Work order:
Copying rule for the data below: take the line containing "2024年防锈涂料项目投资分析及可行性报告.docx_第2页" and every line after it to the end, exactly, and drop all pictures.

Data to process:
▼

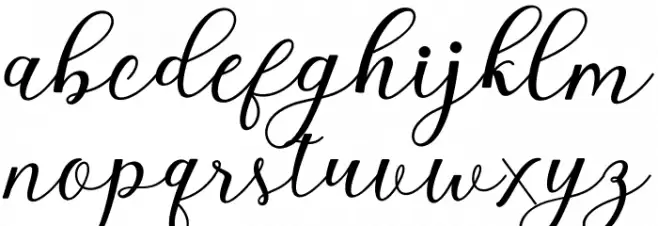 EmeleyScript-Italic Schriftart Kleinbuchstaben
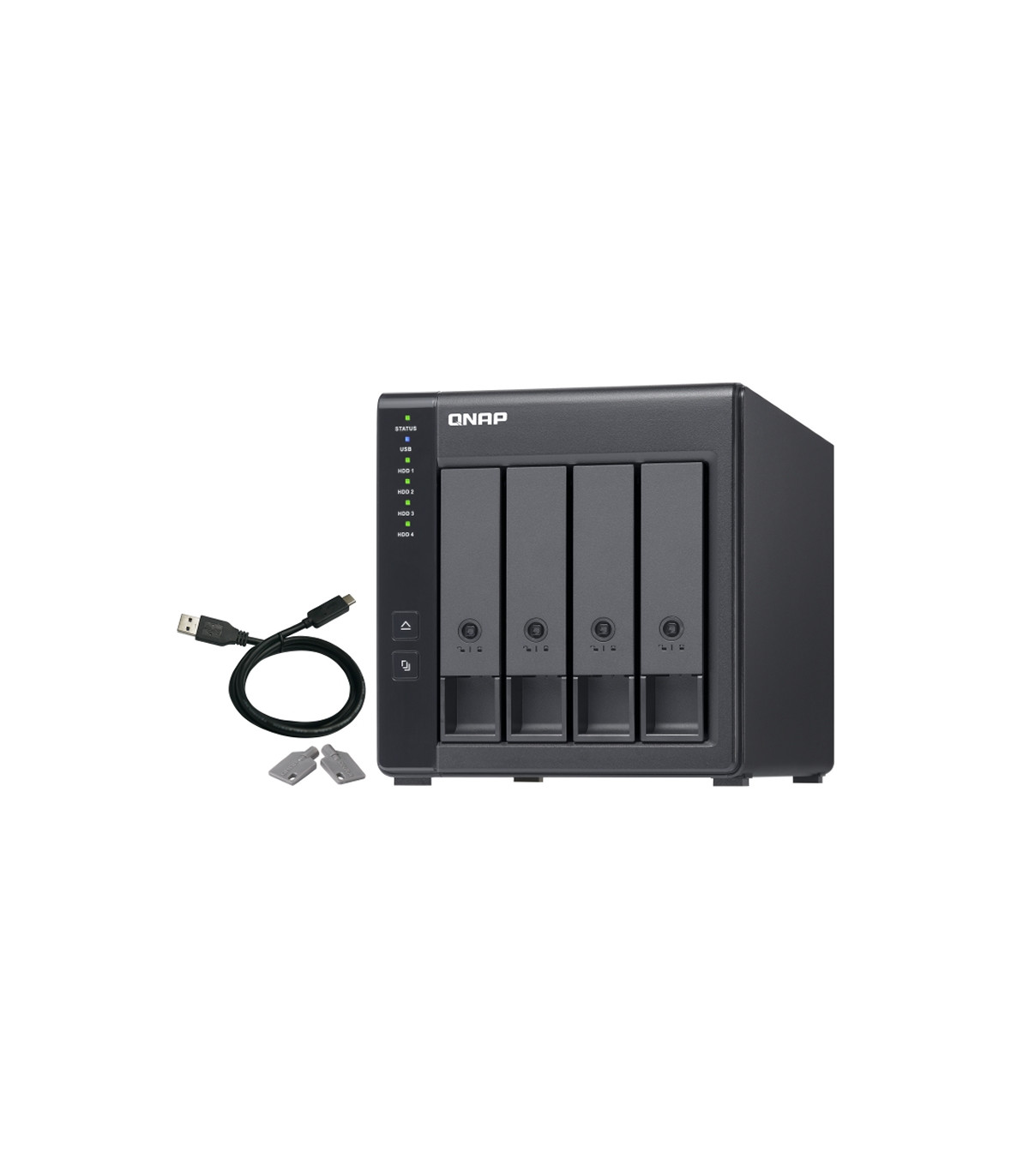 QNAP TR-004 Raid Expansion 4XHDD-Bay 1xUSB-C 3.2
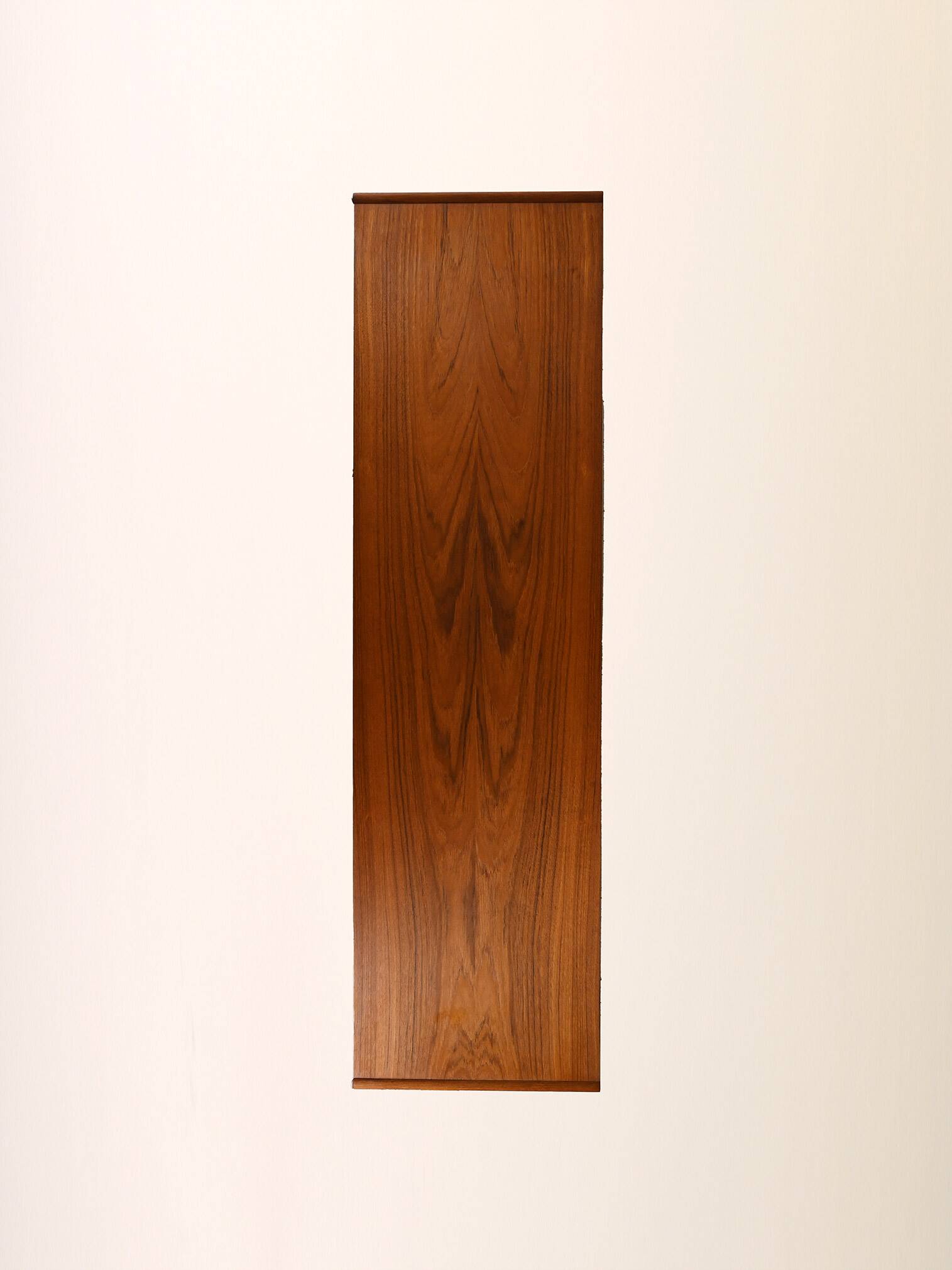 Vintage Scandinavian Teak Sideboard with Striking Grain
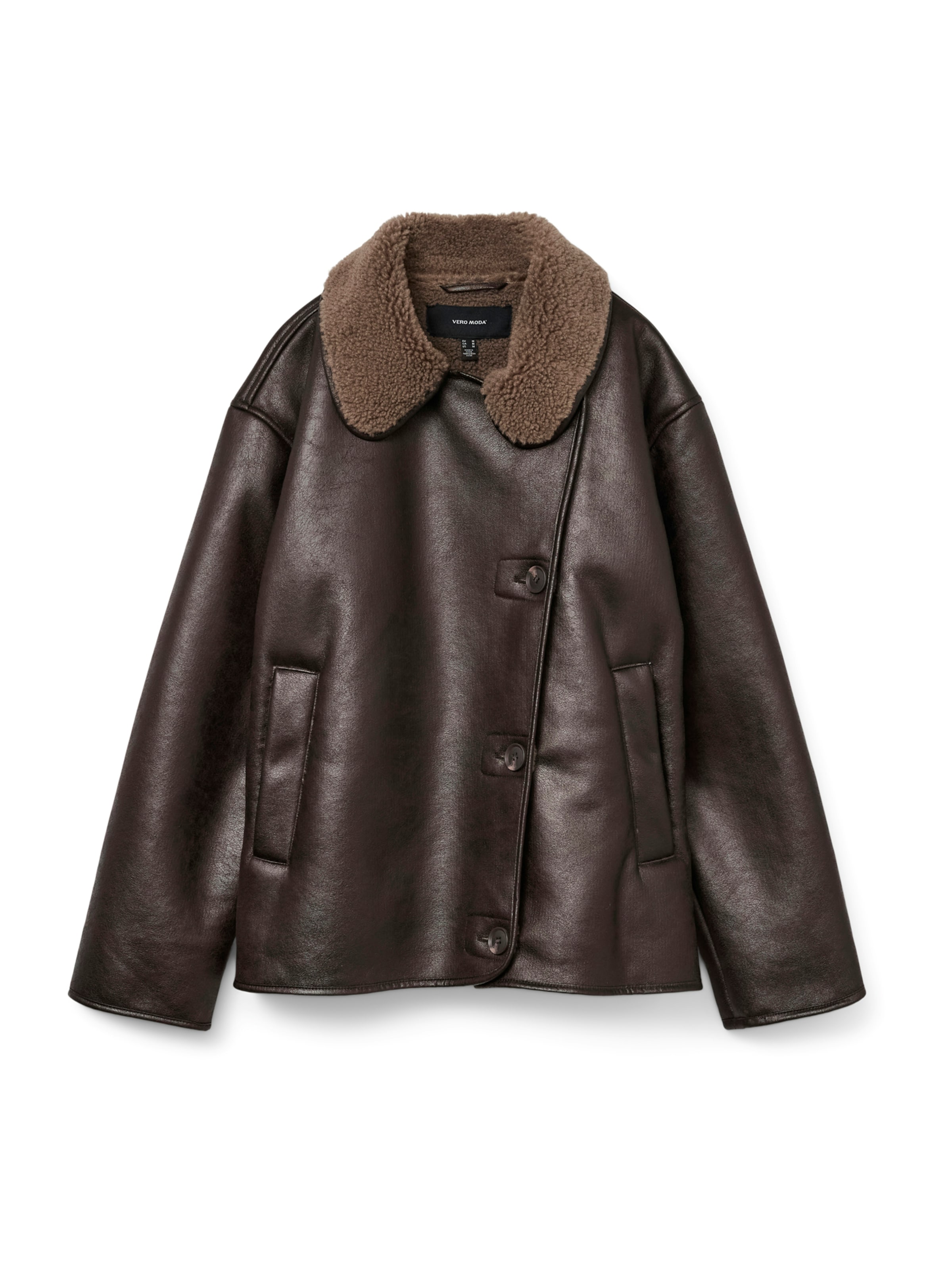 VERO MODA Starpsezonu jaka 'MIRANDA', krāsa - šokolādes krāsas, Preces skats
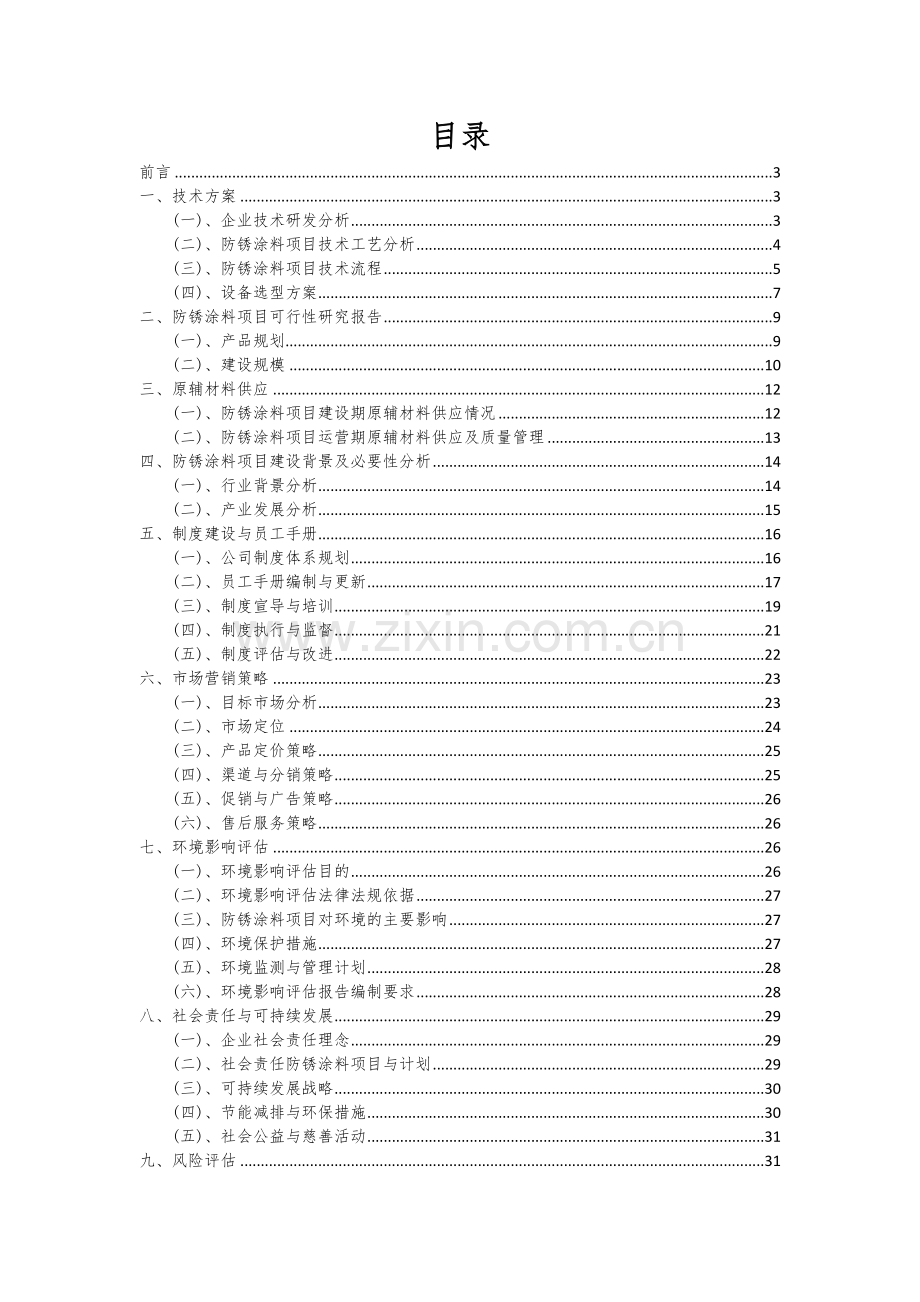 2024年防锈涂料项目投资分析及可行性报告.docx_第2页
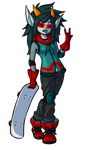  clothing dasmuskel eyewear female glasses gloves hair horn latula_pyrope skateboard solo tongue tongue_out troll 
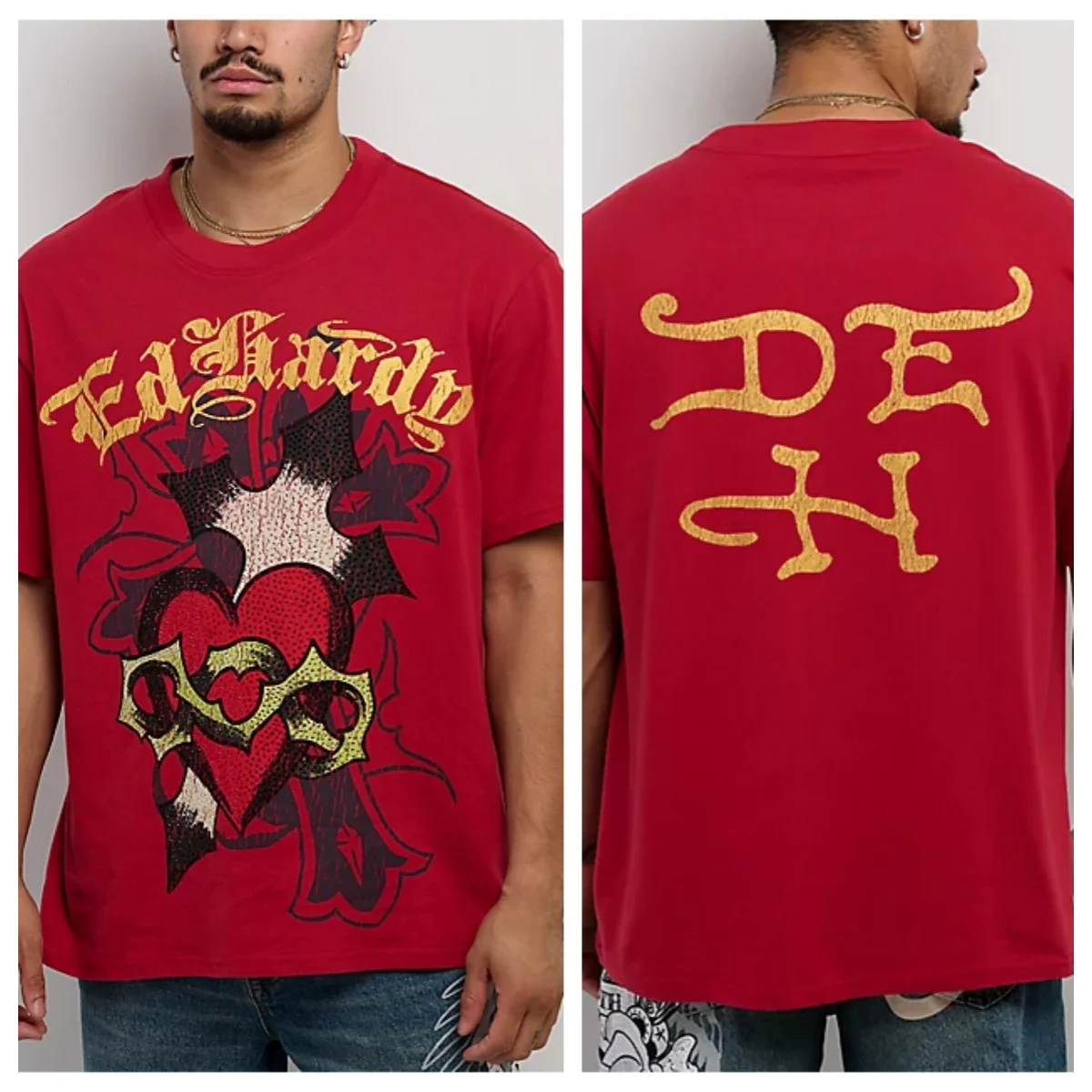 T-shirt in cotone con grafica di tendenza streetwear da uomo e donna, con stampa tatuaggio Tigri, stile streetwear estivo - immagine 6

▲

Result of the task:
 2024年防锈涂料项目投资分析及可行性报告.docx_第2页
  clothing dasmuskel eyewear female glasses gloves hair horn latula_pyrope skateboard solo tongue tongue_out troll 
 T-shirt in cotone con grafica di tendenza streetwear da uomo e donna, con stampa tatuaggio Tigri, stile streetwear estivo - immagine 6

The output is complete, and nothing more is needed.